Buih
Menjelang senja, setelah kembali ke kamar hotel bersama ibunya, Ningsih kembali ingin melihat Monas dari ambang jendela. Ditatapnya sekitar Monas, tak ada lagi buih.
”Mama! Lihatlah! Ada banyak buih mengepung Monas!” seru Ningsih kepada Ibunya. Ningsih berdiri di ambang jendela kamar hotel di lantai 10 yang menghadap ke Monas. Pada Minggu pagi yang cerah itu, Ningsih akan diajak jalan-jalan menikmati car free day.
Ningsih bangun tidur lebih duluan dan langsung membuka gorden jendela kamar. Sementara ibunya masih tergolek berselimut tebal di atas ranjang. Begitulah. Sudah menjadi kebiasaan Ningsih, sejak masuk taman kanak-kanak setahun lalu, suka bangun tidur mendahului ibunya.
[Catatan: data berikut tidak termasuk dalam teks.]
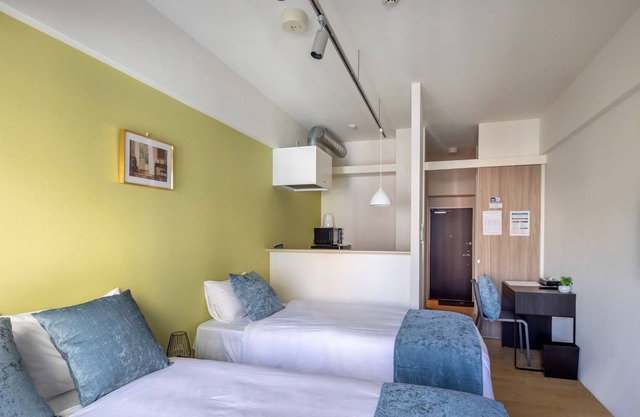 Triple room telework sightseeing business use - 2nd to 10th floor 702 / Osaka Ōsaka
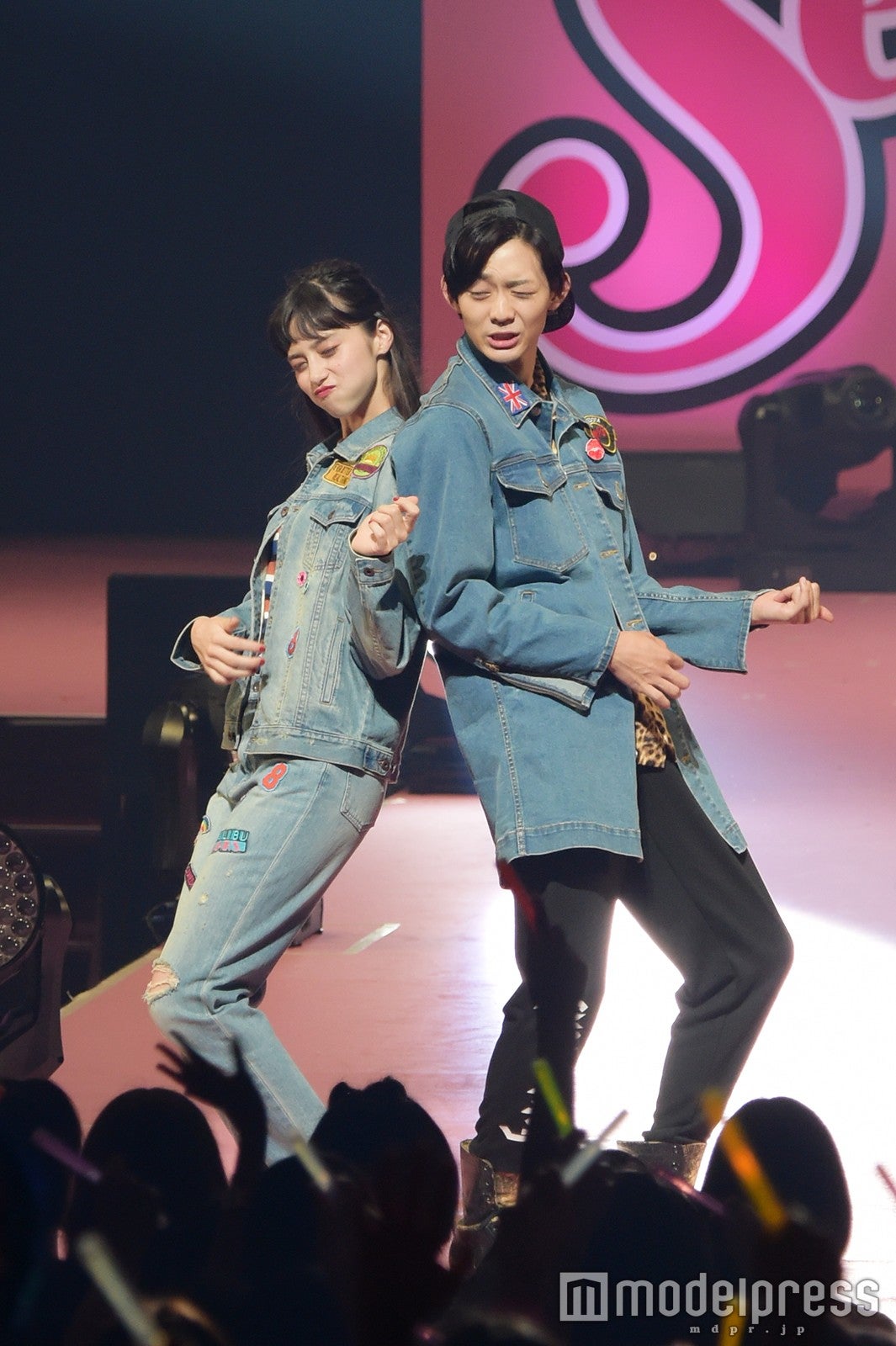 中条あやみ＆竜星涼、話題の“エアギター”披露　カップルコーデで華やかランウェイ＜Seventeen 夏の学園祭2016＞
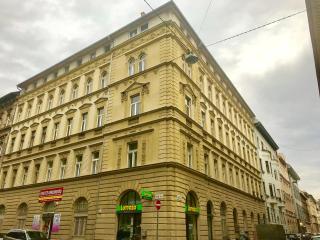 Bajnok Boutique Apartments - Budapest - 7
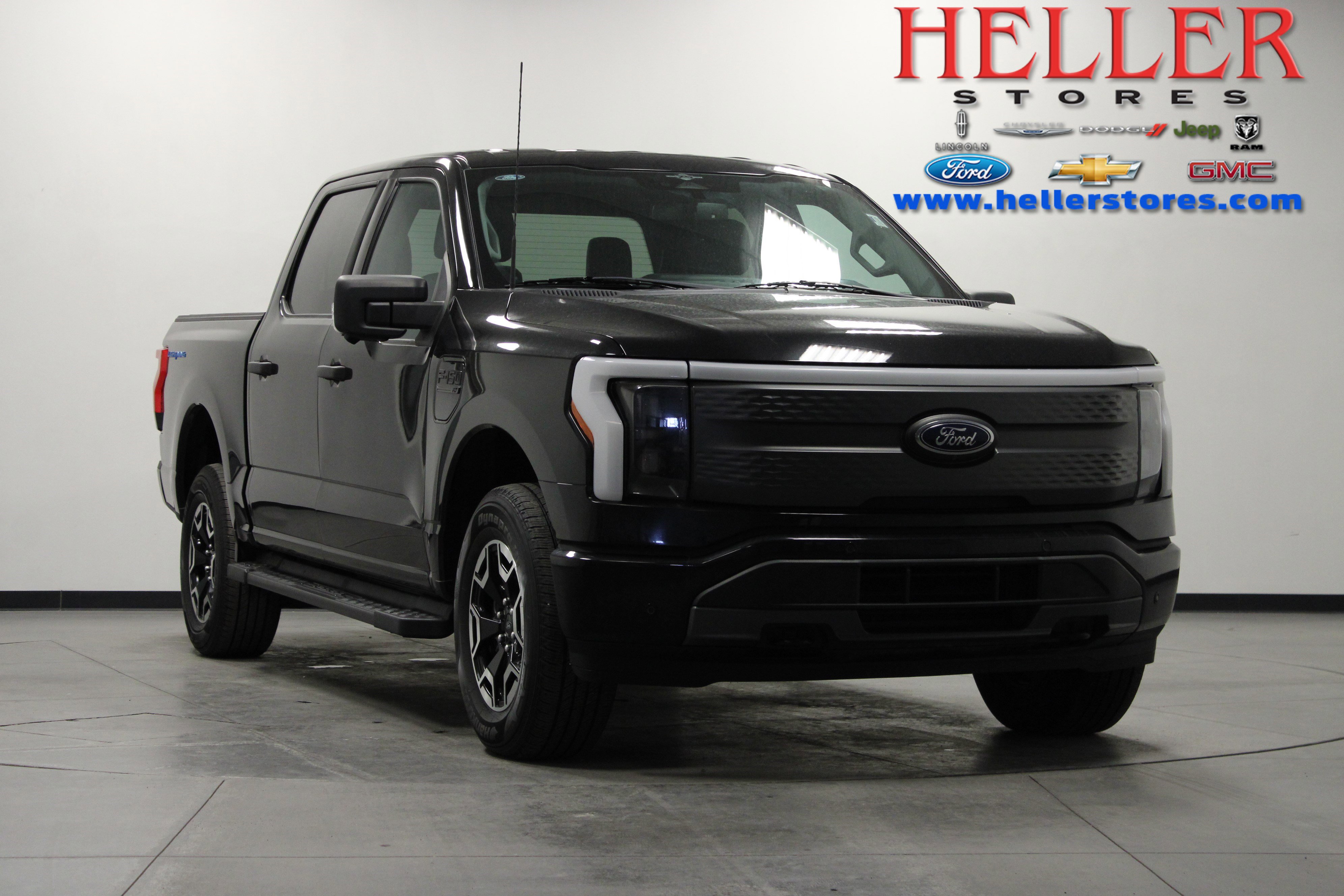 Used 2023 Ford F150 Lightning XLT image 1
Di mata Ningsih, ruas jalan-jalan sekitar Monas tampak dipenuhi buih berwarna putih sebagaimana buih yang sering dilihatnya di permukaan air laut. Buih itu tampak bergerak-gerak seperti sedang mengepung Monas.
***
Sudah sejak kemarin siang, Ningsih dan ibunya masuk kamar hotel untuk menginap. Bagi ibunya, agar hidup tidak membosankan, karena tinggal di tepi pantai sebagai bos kapal-kapal yang dilayarkan sejumlah nelayan, sesekali menikmati car free day di kota metropolitan seperti Jakarta sungguh sangat menyenangkan.
Bagi ibunya, yang dua tahun telah menjanda, karena suami telah wafat, hidup melulu di tepi pantai memang membosankan. Karena itu, secara rutin tiap tiga bulan sekali Ningsih diajak bersantai menikmati fasilitas hotel berbintang lima tak jauh dari Monas.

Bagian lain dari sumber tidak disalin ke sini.